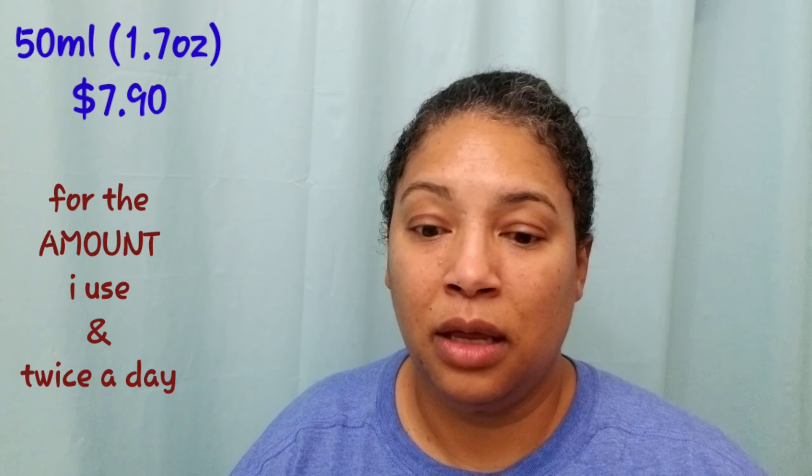This is how my face looks after applying all the products from the nighttime routine. When I get up in the morning my face still feels clean, very moisturized, and soft — I really like that.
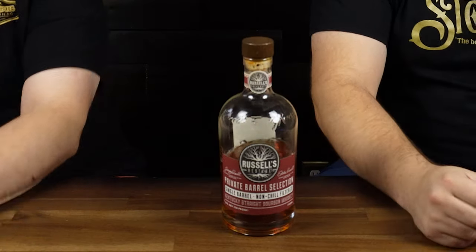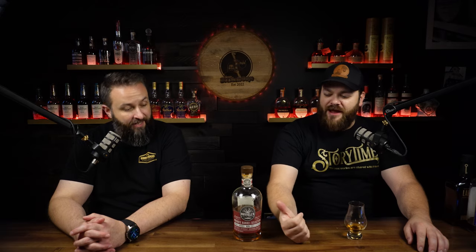On my list here is Russell's Reserve store picks. I've got some. This one in particular came from Liquor Point in Moore, South Carolina. It's a single barrel store pick — single barrel is implied when you say store pick. I have not found a Russell's store pick that I don't like. These are reasonably priced — kind of like the Four Roses single barrels. You can pick those up for 50 bucks or less. These you can pick up for 50, 60 bucks typically.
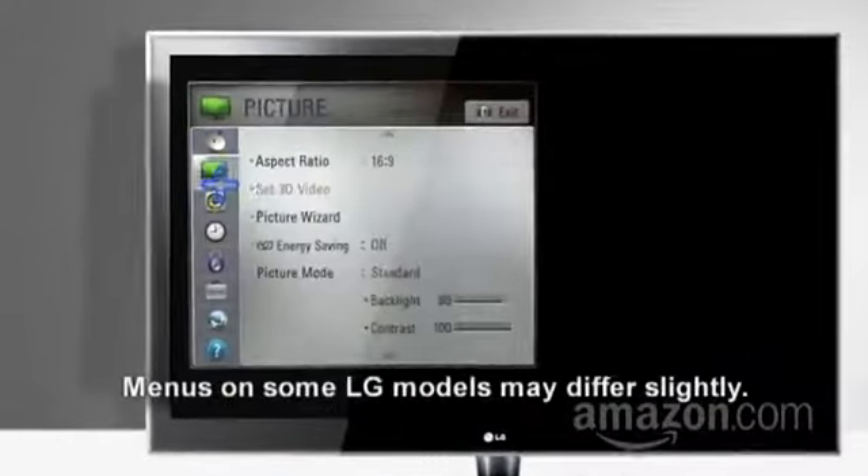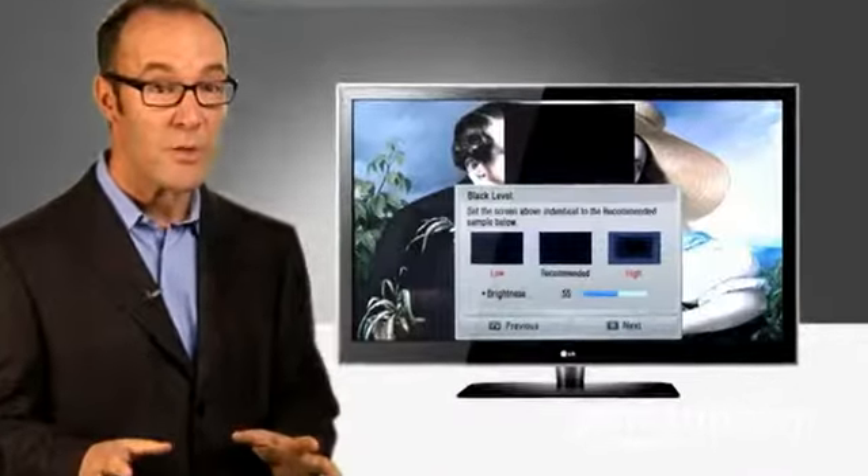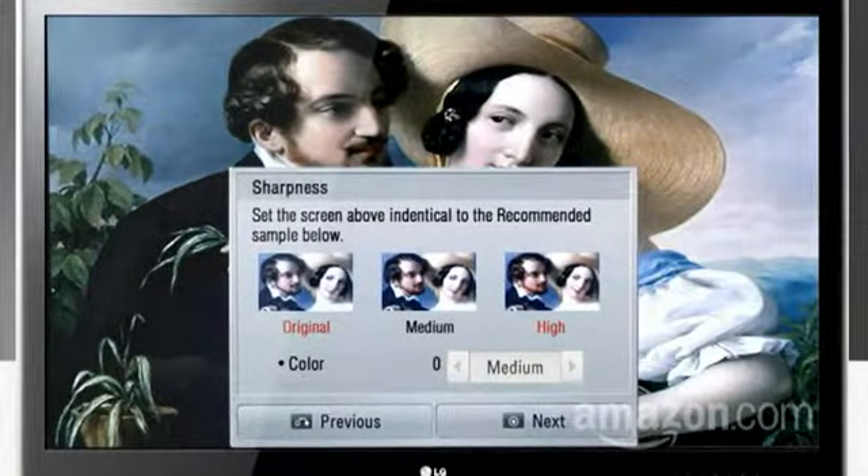Not enough control? With LG's Picture Wizard, you can even enhance the image so the colors are accurate and right for your viewing area. To calibrate, you press Home, then Setup, then Picture, then Picture Wizard. The step-by-step tool will show you a series of images and then ask you for your input with simple graphical instructions. Then you'll see something you may have never seen before — the picture as the director actually meant it to be seen.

What is required >> Please, without any of the pictures, set down exactly the lines from the beginning of the listing to the line that contains "On my list here", inclusive.

Result below >>
This is how my face looks after applying all the products from the nighttime routine. When I get up in the morning my face still feels clean, very moisturized, and soft — I really like that.
On my list here is Russell's Reserve store picks. I've got some. This one in particular came from Liquor Point in Moore, South Carolina. It's a single barrel store pick — single barrel is implied when you say store pick. I have not found a Russell's store pick that I don't like. These are reasonably priced — kind of like the Four Roses single barrels. You can pick those up for 50 bucks or less. These you can pick up for 50, 60 bucks typically.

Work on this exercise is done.